Sugar, Honey, Ice, Tea
I suspect that OSA will not produce much in the way of actual autonomy; however, much Europeans and Americans might prefer to maintain a vibrant rules-based international trading system and for Europe to have greater self-reliance. For starters, OSA like strategic autonomy in general, is notoriously ambiguous. Secondly, the world’s two superpowers are armed with large arsenals of nuclear weapons that Europeans are unlikely to build in the short, medium, or long term. Today, deterrence through NATO is expanding and I need not remind readers that defense and security in the alliance is backed by preponderate military might. In the recent U.S. budget hostage-taking-like negotiations, the Pentagon was spared from the spending cap that Republicans demanded; spending is locked in at Biden’s proposed $886 billion.

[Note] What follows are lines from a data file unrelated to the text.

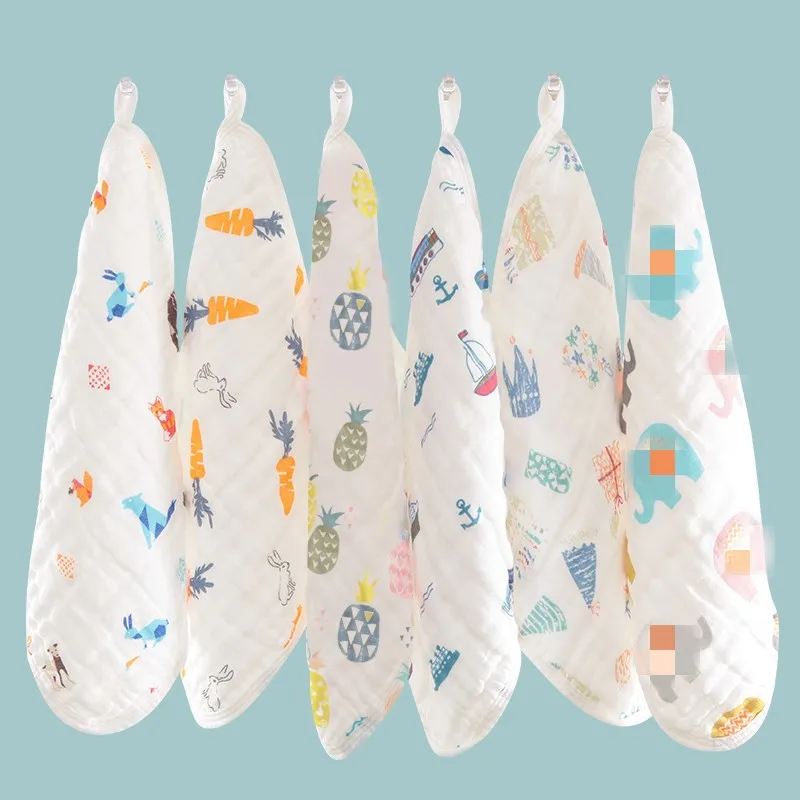 

Baby Gauze Towel 30x30cm Muslin Cotton Soft Baby Towels Baby Face Towel Handkerchief Bathing Face Washcloth Wipe Burp Cloth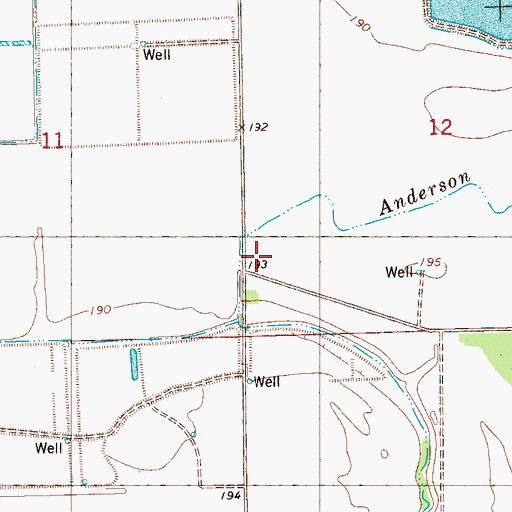 Topographic Map of Coleman School, MS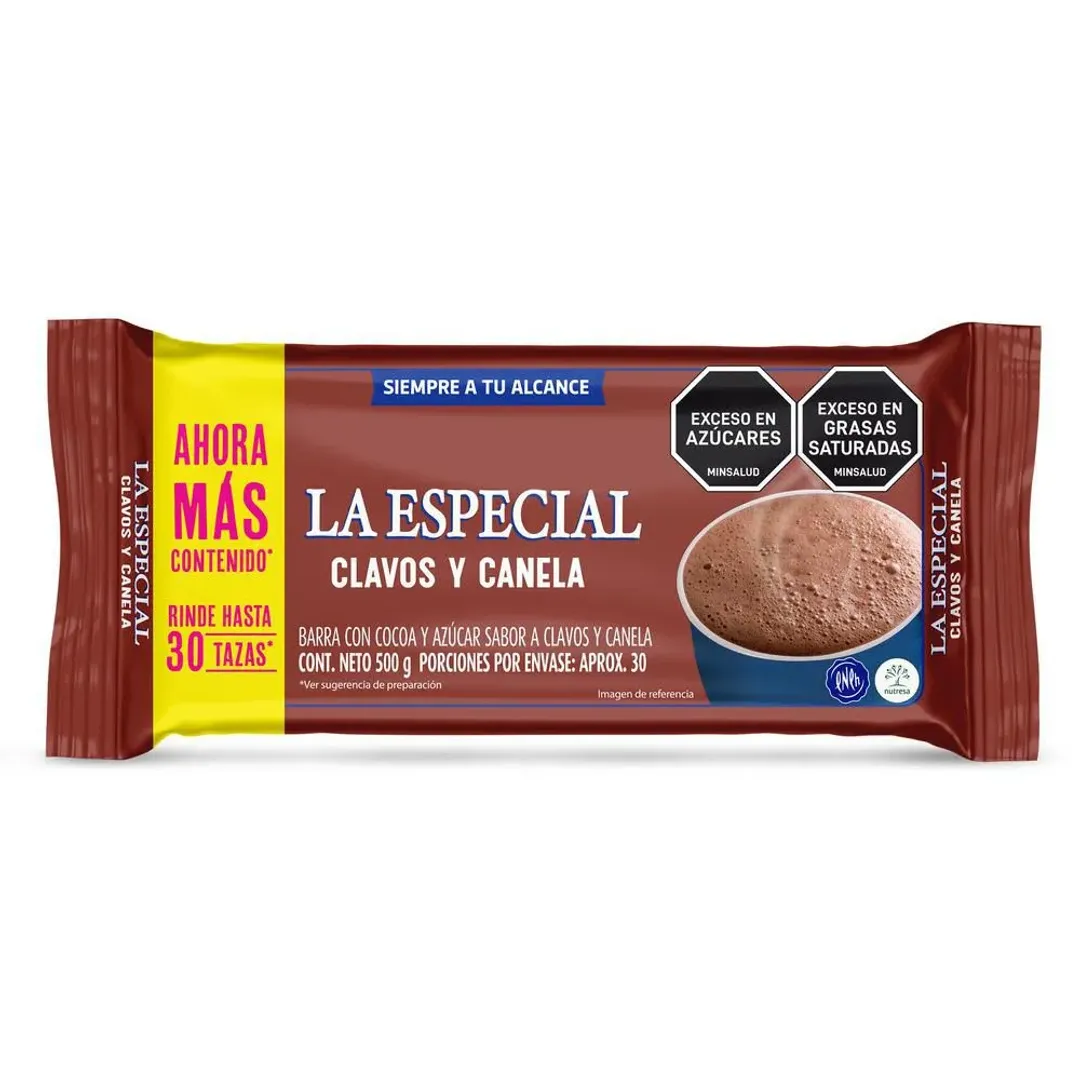 CHOCOLATE ESPECIAL CYC*500G 30 TAZAS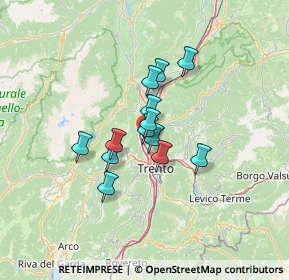 Mappa Via dei Masadori, 38100 Trento TN, Italia (8.75077)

Third, in the case of geopolitical rivalries, recent statistics show that America’s global GDP increased while China’s growth is leveling off (China is still ahead in calculations of purchasing-power-parity though). Although European defense budgets are increasing, it will take perhaps two decades and between $228– 357 billion for Europe to have a convincing, rapidly deployable conventional counter-offensive capability. While welcome, such a force will not replace the U.S. strategic role within NATO. Politicians who tell you that Europe can get by without relying on the U.S. for strategic deterrence are filling you with Sugar and Honey and washing it down with Ice in your Tea—and we all know what that spells. This does not mean that Europeans should not bother with doing more for their own defense. As Emma Ashford, a columnist at Foreign Policy, pointed out, there are many good ideas for how Europeans can get a better bang for their euro and increase their conventional defense readiness in air defence, logistics, and naval forces.
The longer game
At the same time as Dutch diplomats strive for the nuanced game of open diplomacy between the U.S. and China, they are also clear-eyed about what kind of actor China is on the global stage. Even as Hoekstra says that the ban does not affect China-Dutch relations and specifically adds that he and Qin Gang “had an open conversation about ASML,” he follows it up with pointing out that national security concerns are becoming increasingly part of the global dialogue on chips. Hoekstra said that The Hague is worried about “what we see as a civil-military fusion,” of intellectual property theft on “a non-level playing field.” In fact, ASML faced intellectual property theft incidents linked to China in the recent past. In February 2019, it revealed it had been the victim of corporate espionage involving former Chinese employees.
Doubling down on the America First Approach
I have made it to the end of this column, and I managed to not mention the biggest elephant in the room once. Strategic autonomy, whether it is open or the more classical variety, is an issue whether Donald J. Trump wins re-election or not. But, if he does regain the White House, given the fickle and feckless way Trump treated allies combined with his predisposition for protectionism and waging trade wars, fears that he will ring the death knell of the Transatlantic relationship will be heard on both sides of the Atlantic.